En réponse, au mois d’octobre, la Commission électorale du Pakistan a interdit à Imran Khan de briguer une fonction élective au sein du gouvernement pendant cinq ans, invoquant des tromperies ou des cadeaux qu’il aurait reçus de dignitaires étrangers pendant son mandat.
La « longue marche » et la tentative d’assassinat d’Imran Khan
Mais la popularité et les soutiens d’Imran Khan n’ont pas faibli entraînant sans doute la tentative d’assassinat à son encontre.
Depuis le 29 octobre il avait pris la tête d’une « longue marche » à travers le pays qui devait le conduire, après 380 kilomètres, jusqu’à la capitale Islamabad le 4 novembre pour réclamer encore et toujours des élections nationales anticipées. Imran Khan juché sur un conteneur placé sur un camion, s’adressait à des dizaines de milliers de ses partisans le rejoignant dans les villes traversées.
Sur son passage, le 3 novembre, près de la ville de Gujranwala (dans la province du Pendjab), des coups de feu qui le visait ont éclaté dans la foule et Imran Khan a été blessé au pied. D’autres personnes situées autour ont été touchées (1 mort et 9 blessés), un assaillant a été tué et un autre a été arrêté par la police.
Imran Khan a dénoncé cette tentative de l’éliminer, l’attribuant au pouvoir craintif de sa popularité maintenue :
« Nous sommes des êtres humains, ne nous traitez pas comme des animaux. Les gens se sont levés, ils n’accepteront pas les voleurs, j’ai vu la nation se réveiller au cours des six derniers mois, vous ne pouvez pas marcher loin de la réalité. Regardez les yeux des gens dans la rue, ils recherchent un Pakistan où ils peuvent vivre en toute liberté, où personne n’est autorisé à opprimer les faibles ».
Depuis, des partisans d’Imran Khan se lèvent dans tout le pays et les troubles pourraient s’intensifier, exacerbées par la situation économique difficile et l’activité accrue des groupes terroristes et séparatistes, conduisant le pays au bord d’une révolte ou d’une guerre civile.
Imran Khan le trouble-fête du jeu américain au Pakistan
Le Premier ministre pakistanais, Imran Khan, a commis six péchés majeurs que les États-Unis ne peuvent pas pardonner et qui les ont poussés à conspirer pour le renverser et l’empêcher de revenir au pouvoir.
Le premier péché est son refus absolu de rompre les liens du Pakistan avec les talibans afghans, accentuant ainsi la défaite des États-Unis en Afghanistan.
Le deuxième est qu’il a pris le parti de la Chine, rejoint son initiative « Ceinture et Route », et signé avec elle un traité de coopération économique, d’une valeur initiale d’environ 62 milliards de dollars.
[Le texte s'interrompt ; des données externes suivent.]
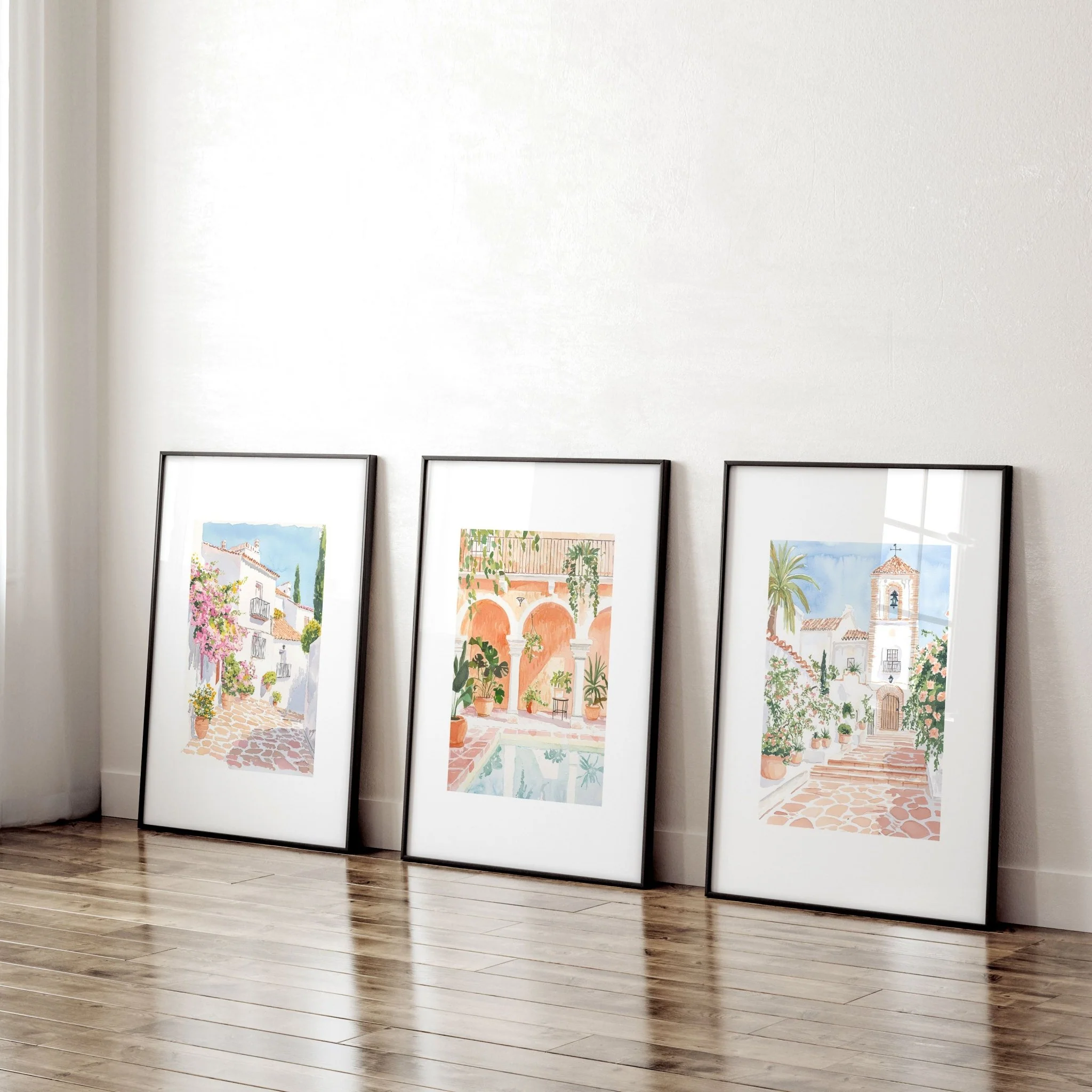 Framed Printed Artwork | Set of 3 Beach Decor Wall art Prints - Image 5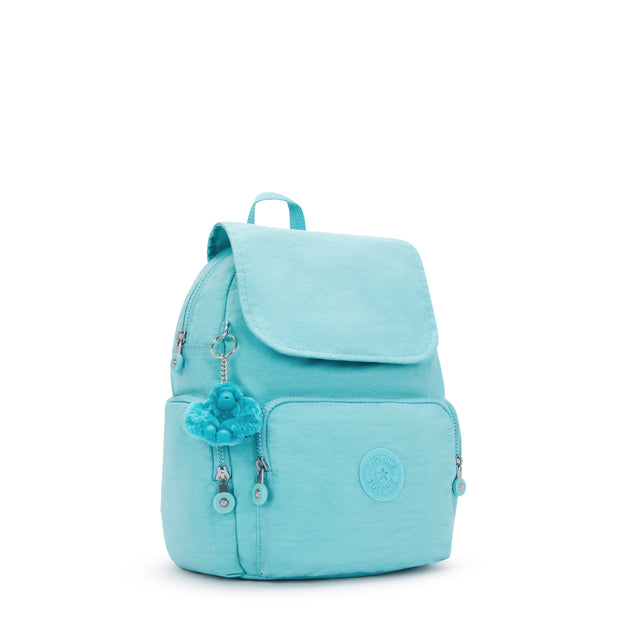 KIPLING Small Backpack with Adjustable Straps Female Deepest Aqua City Zip S  -  I3523-T6E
Le troisième vient de son soutien à l’opération militaire russe en Ukraine : tout au début de la crise, il s’est rendu à Moscou où il a été chaleureusement accueilli par le président russe Vladimir Poutine !
Le quatrième péché concerne ses relations stratégiques très fortes avec l’Iran pour briser le blocus américain. Il est aussi accusé de l’aider à développer ses programmes nucléaires.
Le cinquième est son soutien absolu à la cause palestinienne, son refus de s’engager dans le processus de normalisation avec l’Entité sioniste et dans les accords de normalisation.
Et le sixième péché vient du fait qu’il a rejeté toutes les demandes américaines d’établir des bases militaires au Pakistan qui partage une frontière commune avec la Chine. Il s’est opposé à la coopération de l’armée et des services de renseignement pakistanais, sous la direction américaine dans la lutte contre les talibans en Afghanistan.
Au vu de ses positions et de son programme, on comprend mieux pourquoi cet homme est l’ennemi numéro un de l’Etat profond oligarchique au Pakistan.
Mais, l’élimination d’Imran Khan a échoué. La bête noire des États-Unis dans le pays n’est pas morte. La partie n’est pas jouée. Imran Khan, fort de ses victoires électorales et de son large soutien populaire ne compte pas demeurer à l’écart du pouvoir suite aux actions du « quasi-usurpateur » en place Shahbaz Sharif.